Mutliple linear regression and variable collinearity I think I need an explanation about the nature of the summary when making a lm on R.
Does someone could explain to me that:
When you make an analysis of variance on a lm model (ex: aov(lm(Y~X1+X2)), it is actually observed that when there is a collinearity between the explanatory variables, the order of entry of the variables in the regression model analysis is important because SCEs are calculated sequentially, so the first input variable will capture all the variance and the others less, so if you make the same model but whith this variables order: aov(lm(Y~X2+X1)), the p.value will change.
But I do not understand why, when you permut the order of entry of the variables on a lm model as : Y~X1+X2, the summary of the multiple regression model returns the slope coefficient estimates but why there is not the same kind of problem as the aov? I mean why the slope coefficient are still the same when you permut the order of the variables:
Y~X1+X2 and Y~X2+X1?
 A: The difference in behavior between aov() and lm() has to do with the types of comparisons that are being made by the two functions.
With your two-predictor formula, aov() with its Type I significance tests is comparing different models: a model without predictors against a model with only the first predictor, then the model with the first predictor against a model that adds the second predictor. With unbalanced designs and multicollinearity of predictors the order of entry will matter, as the first-entered predictor will pick up some of the variance that might actually be due to a correlated but later-entered predictor. Note that there are other types of ANOVA test that avoid this problem but potentially introduce others; this page is a superb introduction to differences in ANOVA test types.

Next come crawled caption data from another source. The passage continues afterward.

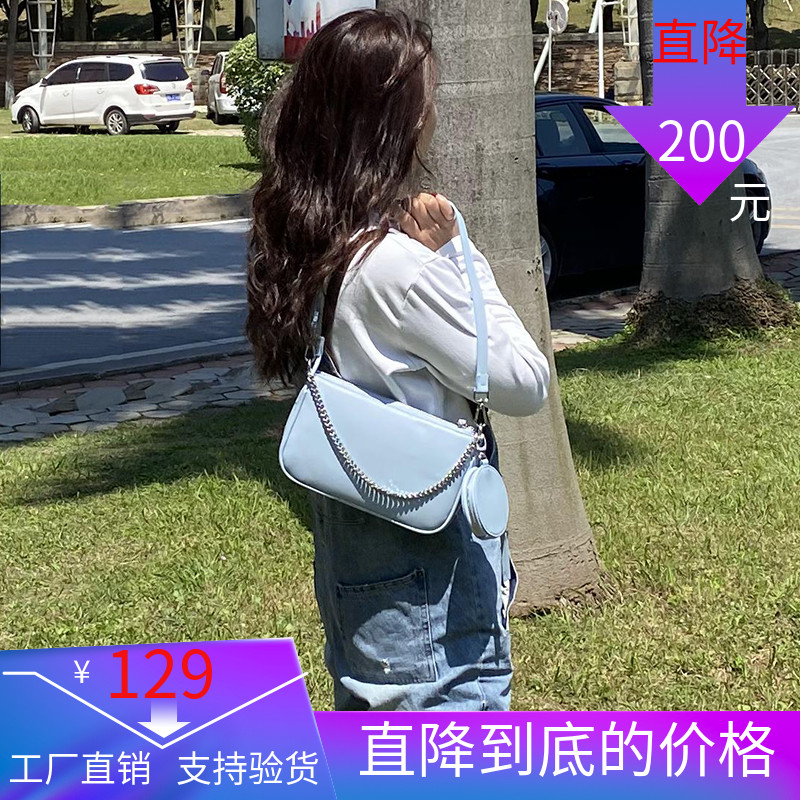 小mk女包包三合一挎包2020新款Hobo糖果色腋下法棍包时尚百搭单肩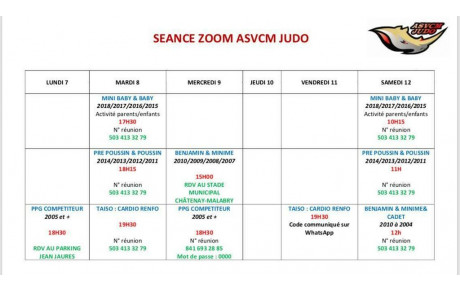 Sessions Zoom du 7 au 12 décembre 2020 et grand concours de Noël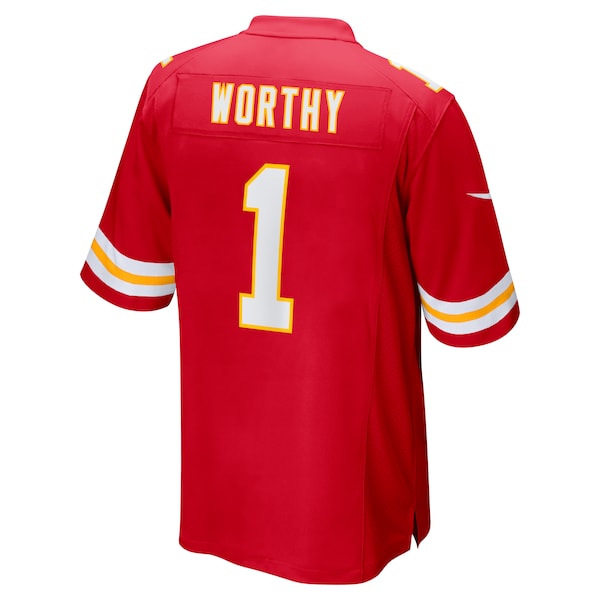 Xavier Worthy Kansas City Chiefs Nike 2024 NFL Draft First Round Pick Player Youth Game Jersey - Red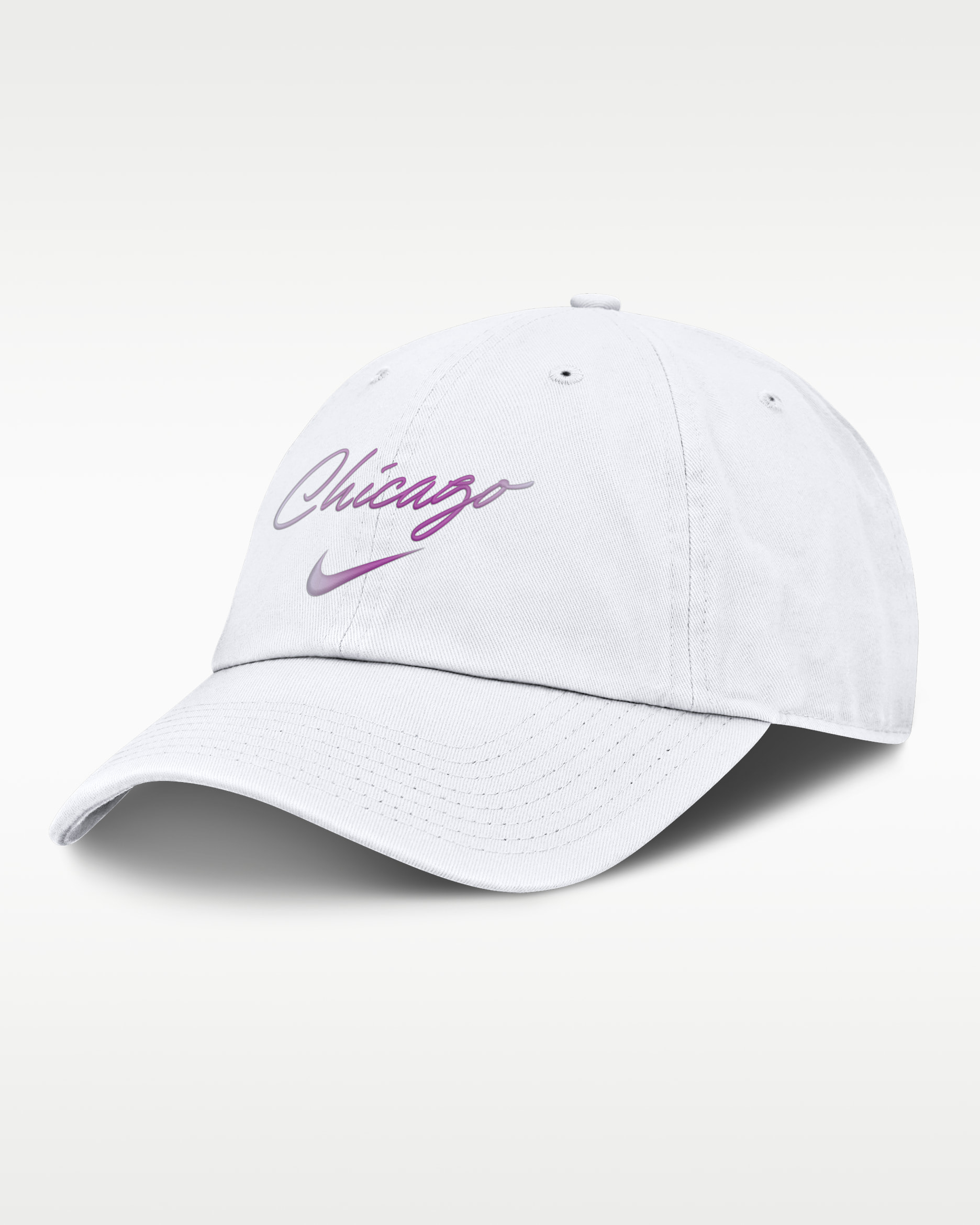 Chicago Cubs Club Women's Nike MLB Adjustable Hat - White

With lm() the standard comparisons are of each individual estimated regression coefficient against a value of 0. All predictors are effectively evaluated in parallel in the full model. Unlike aov(), there's no comparison of different models, just whether the value of each coefficient is sufficiently far from 0 given the standard error of the coefficient.
What lm() doesn't do, however, is provide an estimate of the overall significance of a multi-level categorical predictor, a continuous predictor modeled with polynomials or splines; in general, any predictors that show up in multiple terms in the regression model. For that you need some type of ANOVA test and make appropriate choices among the types of tests explained in the page linked above.